The Consumer Reports cites over 50 percent of the ground turkey sampled tested positive for fecal matter. And even if you were one of the lucky ones who purchased the other half, 90 percent of that tested positive for at lease one of five contaminants.
“Some samples harbored other germs, including salmonella and staphylococcus aureus, two of the leading causes of foodborne illness in the U.S. Overall, 90 percent of the samples had one or more of the five bacteria for which we tested.”
Just because you eat organic ground turkey, don’t think you’re 100 percent safe.
“Ground turkey labeled “no antibiotics,” “organic,” or “raised without antibiotics” was as likely to harbor bacteria as products without those claims. (After all, even meat from organic birds can pick up bacteria during slaughter or processing.) The good news is that bacteria on those products were much less likely to be antibiotic-resistant superbugs.”
Here’s what Consumer Reports suggests you do if you choose to eat ground turkey:
Common slip-ups while handling or cooking ground turkey can put you at risk of illness. Although the bacteria we found are killed by thorough cooking, they can produce toxins that may not be destroyed by heat. Take the following precautions:
- Buy turkey labeled “organic” or “no antibiotics,” especially if it also has a “USDA Process Verified” label, which means that the USDA has confirmed that the producer is doing what it says. Organic and no-antibiotics brands in our tests were: Coastal Range Organics, Eberly, Giant Eagle Nature’s Basket, Harvestland, Kosher Valley, Nature’s Place, Nature’s Promise, Nature’s Rancher, Plainville Farms, Wegmans, Whole Foods, and Wild Harvest.
- Consider other labels, such as “animal welfare approved” and “certified humane,” which mean that antibiotics were restricted to sick animals.

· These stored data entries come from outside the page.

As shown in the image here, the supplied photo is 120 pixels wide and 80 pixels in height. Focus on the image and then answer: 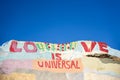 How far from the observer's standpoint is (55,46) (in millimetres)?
1925

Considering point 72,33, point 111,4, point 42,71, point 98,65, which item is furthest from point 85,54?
point 111,4

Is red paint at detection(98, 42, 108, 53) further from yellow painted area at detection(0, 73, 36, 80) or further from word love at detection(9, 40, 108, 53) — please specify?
yellow painted area at detection(0, 73, 36, 80)

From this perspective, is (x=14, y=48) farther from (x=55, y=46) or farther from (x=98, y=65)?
(x=98, y=65)

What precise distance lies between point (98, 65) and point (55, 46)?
0.40m

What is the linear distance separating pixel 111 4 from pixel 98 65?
0.69 metres

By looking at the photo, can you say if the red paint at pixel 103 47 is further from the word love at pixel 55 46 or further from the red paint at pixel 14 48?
the red paint at pixel 14 48

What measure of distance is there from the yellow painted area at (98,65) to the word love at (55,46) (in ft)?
0.43

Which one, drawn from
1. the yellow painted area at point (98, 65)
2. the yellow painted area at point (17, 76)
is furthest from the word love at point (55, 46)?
the yellow painted area at point (17, 76)

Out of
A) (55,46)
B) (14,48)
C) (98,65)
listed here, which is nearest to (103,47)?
(98,65)

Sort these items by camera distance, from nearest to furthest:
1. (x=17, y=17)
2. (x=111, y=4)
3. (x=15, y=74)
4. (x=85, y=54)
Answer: (x=15, y=74) < (x=85, y=54) < (x=17, y=17) < (x=111, y=4)

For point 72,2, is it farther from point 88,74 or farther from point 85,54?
point 88,74

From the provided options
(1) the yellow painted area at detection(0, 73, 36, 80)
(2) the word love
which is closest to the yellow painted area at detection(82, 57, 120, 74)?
(2) the word love

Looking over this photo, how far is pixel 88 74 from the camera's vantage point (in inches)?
68.8

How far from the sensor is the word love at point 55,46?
1.80 metres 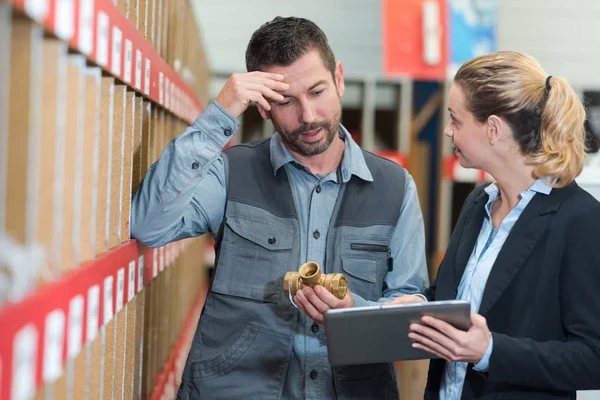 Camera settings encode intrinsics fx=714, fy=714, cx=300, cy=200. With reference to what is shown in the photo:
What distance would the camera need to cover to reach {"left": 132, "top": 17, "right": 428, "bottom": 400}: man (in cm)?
195

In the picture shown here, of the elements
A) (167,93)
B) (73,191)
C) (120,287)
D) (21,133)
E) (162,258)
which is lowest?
(162,258)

- Be aware that “natural” meat is simply minimally processed, with no artificial ingredients or added color. It can come from an animal that ate antibiotics daily.

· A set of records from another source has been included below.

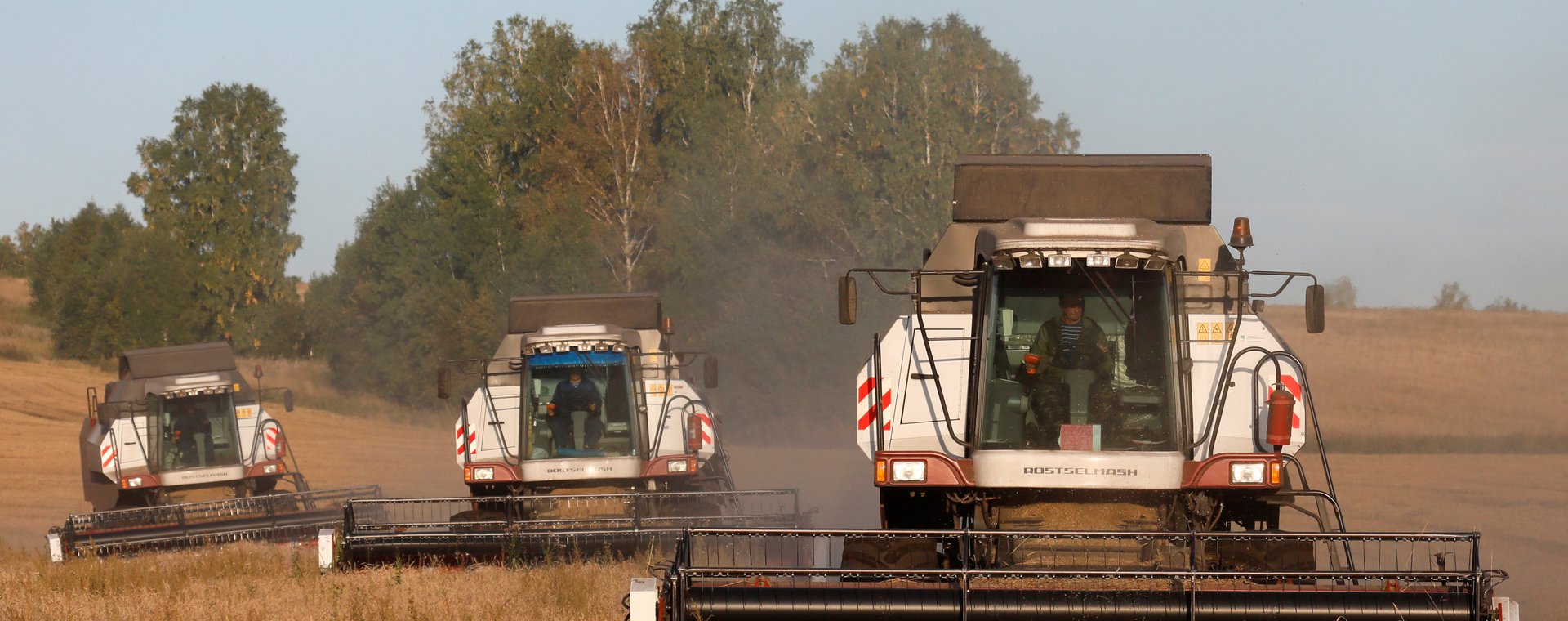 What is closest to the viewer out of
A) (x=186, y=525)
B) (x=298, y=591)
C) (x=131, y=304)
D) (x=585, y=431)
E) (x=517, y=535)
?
(x=298, y=591)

- Know that no type of meat—whether turkey, chicken, beef, or pork—is risk free.
- Buy meat just before checking out, and place it in a plastic bag to prevent leaks.
- If you will cook meat within a couple of days, store it at 40° F or below. Otherwise, freeze it. (Note that freezing may not kill bacteria.)
- Cook ground turkey to at least 165° F. Check with a meat thermometer.
- Wash hands and all surfaces after handling ground turkey.
- Don’t return cooked meat to the plate that held it raw.